If you thought the local plastic bag ban passed by the town a couple of years ago was bad, take heart. It’s about to get a lot worse.

The Massachusetts Legislature is considering a measure that would ban plastic bags statewide. The State Senate is now debating the legislation before it moves on to the House.

Senate President Karen Spilka announced the bill this week. Apparently, they weren’t able to find a 14-year-old girl to cry on cue about the sea turtles, so Spilka was pressed into action.

The bill would preempt local bylaws banning plastic bags that have been passed in 100 or so cities in towns in Massachusetts, including Wakefield. So, unlike now, where you can walk into Farmland and get a free paper bag for your purchases, under the proposed state law, retailers would be required to charge you at least 10 cents for a paper bag.

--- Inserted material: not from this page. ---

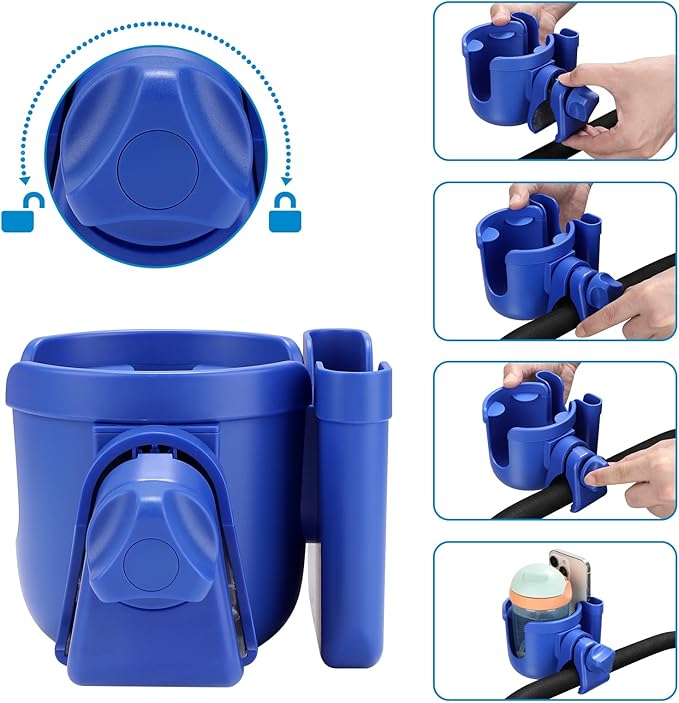Accmor Stroller Cup Holder with Phone Holder, Bike Cup Holder, Universal Cup Holder for Uppababy Nuna Doona Strollers, 2-in-1 Cup Phone Holder for Stroller Bike Wheelchair Walker Accessory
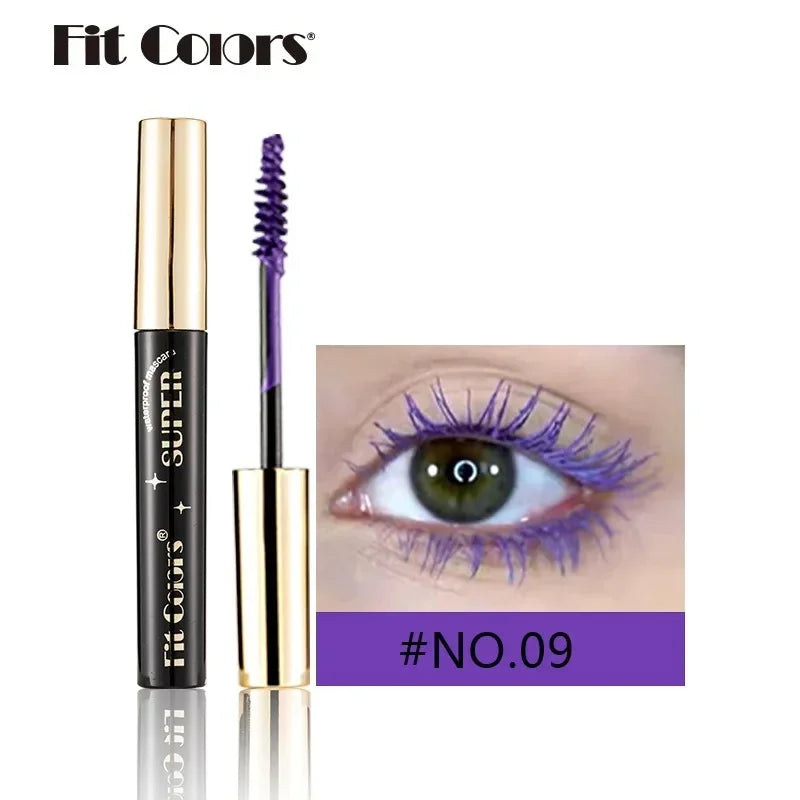 Colored Mascara Makeup 4D Silky Natural Long Eyelashes Mascara Waterproof Long-lasting Extension Thick Lasting Curling Mascara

There are limits to how far local politicians will go to irritate voters that they might run into at CVS or Walgreens. But state legislators don’t care. They know they can make you pay for paper bags, take away your plastic straws and foam cups, slap a “carbon tax” on gasoline and you’ll still keep voting for them.

The statewide ban is being sold as a measure to reduce waste, but it’s really just another front in the war on fossil fuels, which at its root is a war on human progress.

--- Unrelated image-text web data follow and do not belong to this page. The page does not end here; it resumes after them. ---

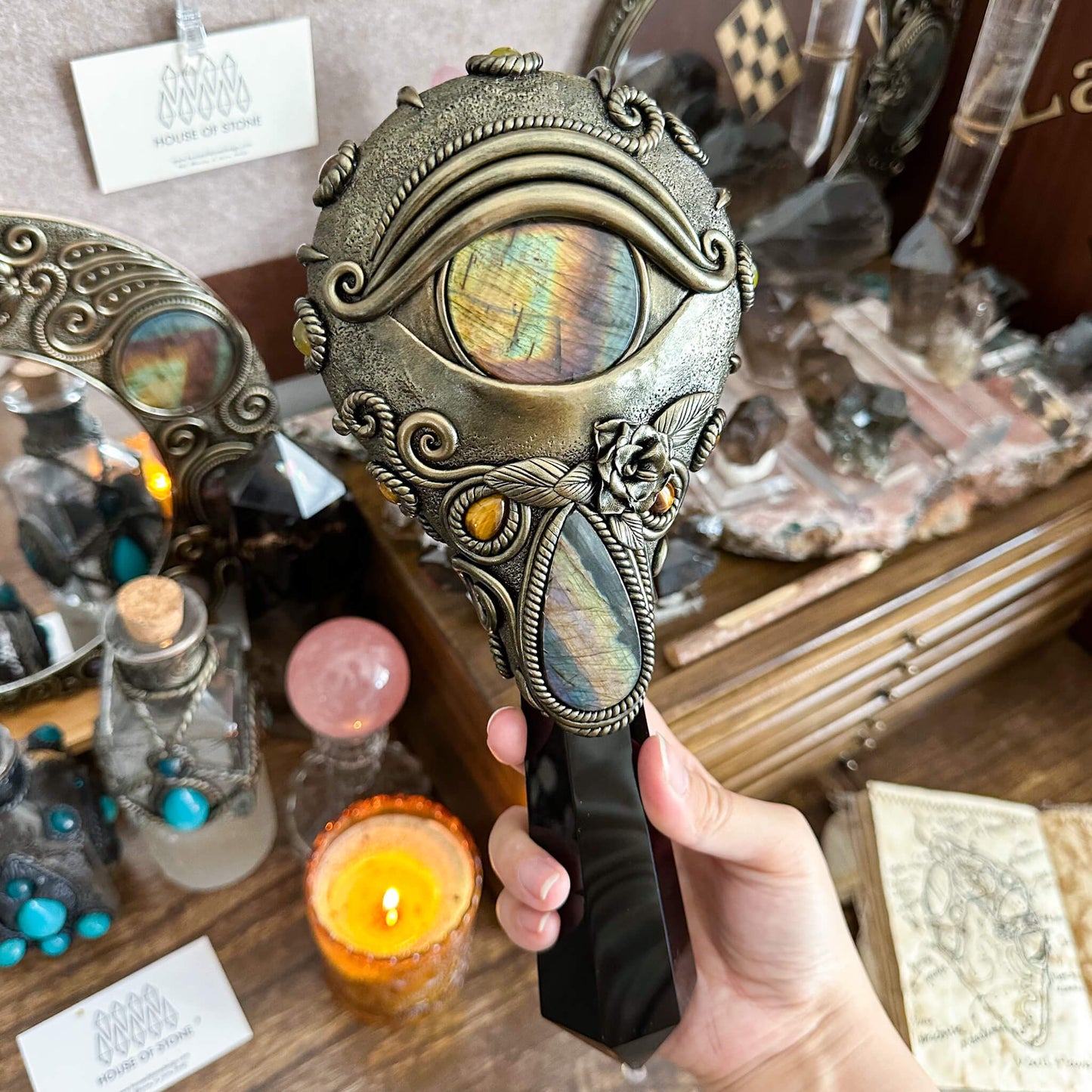 Handmade Natural Black Obsidian Mirror/Magic Obsidian Witch Wand/Crystal Quartz Wand/Scrying Mirror Wand/Root Chakra/Manifest Altar Tool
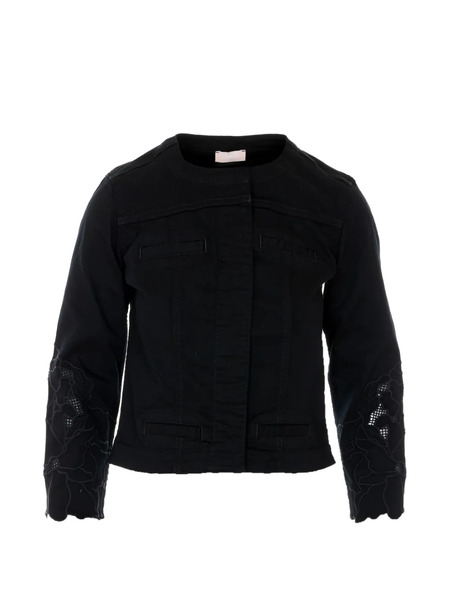  Liu Jo Embroidered Crewneck Jacket - Black 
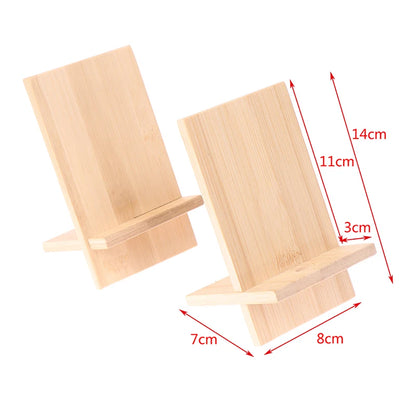 Universal Bamboo Phone Holder Stand Wooden Mobile Smartphone Support Tablet Charge Stand with Holes Portable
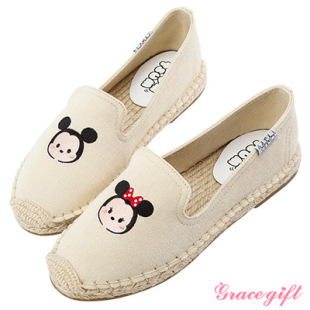 Disney collection by Grace gift☆Tsum Tsum不對稱電繡麻編鞋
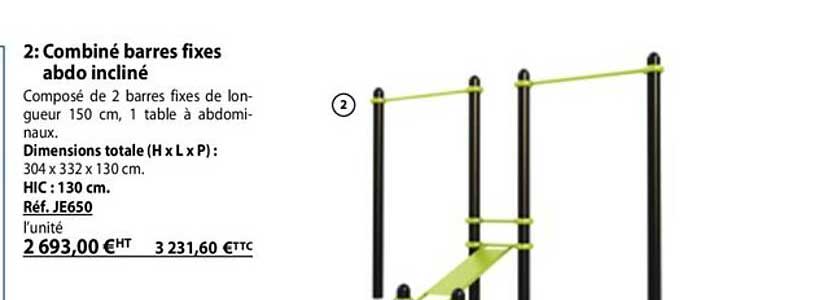 combiné barres fixes abdo incliné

The main raw materials used to make plastic are crude oil and natural gas. So naturally, the same people who hate fossil fuels also hate plastic bags, and all kinds of plastic. Despite their claims, it has nothing to do with litter or sea creatures. It has everything to do with destroying the fossil fuel industry. And since our species caused the imminent climate catastrophe by using fossil fuels to improve billions of lives, human beings must also be punished. No more plastic straws for you!

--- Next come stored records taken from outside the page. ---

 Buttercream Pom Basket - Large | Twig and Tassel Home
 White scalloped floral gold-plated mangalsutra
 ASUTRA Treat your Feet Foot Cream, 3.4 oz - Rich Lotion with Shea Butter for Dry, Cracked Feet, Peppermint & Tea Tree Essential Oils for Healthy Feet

The war on fossil fuels continues on the local front.

Wakefield currently has a moratorium on natural gas connections for new multifamily buildings because the Wakefield Municipal Gas & Light Department can’t get enough cheap natural gas here to meet the demand. It’s not that there isn’t enough gas. The US produces plenty. In some states they are actually burning off the excess through a process known as “flaring.”

But environmentalists won’t let us build the pipeline capacity to bring more of the cheapest, cleanest fossil fuel to the Northeast to be used to heat homes and generate electricity.

Good luck heating your home with a heat pump when its 20 degrees outside.

Meanwhile, MGLD customers will soon be subsidizing the cost and installation of three electric vehicle charging stations for the three-dozen local EV owners and the 18,000 electric vehicles in Massachusetts.

To put that in perspective, the number of Wakefield drivers who don’t own electric vehicles is greater than the total number of electric vehicles in the entire state. But they’re still going to be paying for the infrastructure to charge them.

We’re told the world will end in a dozen or so years if we don’t address climate change yesterday. But in fact, if we eliminated fossil fuels tomorrow as the advocates demand, human life as we know it would end in about 12 weeks.

We would be unable to use the farm machinery that feeds the world, much less transport that food the long distances to cities and other non-agricultural areas.

We wouldn’t be able to generate enough electric power to process and package all that food, much less charge your electric vehicle so you can drive with your cloth bags to a dark store with no food in it. Sorry, wind and solar can’t do it. And even if they could, it would require so much land use that any real environmentalist would blanch at the thought.

But at least there won’t be any Massachusetts plastic bags in the ocean.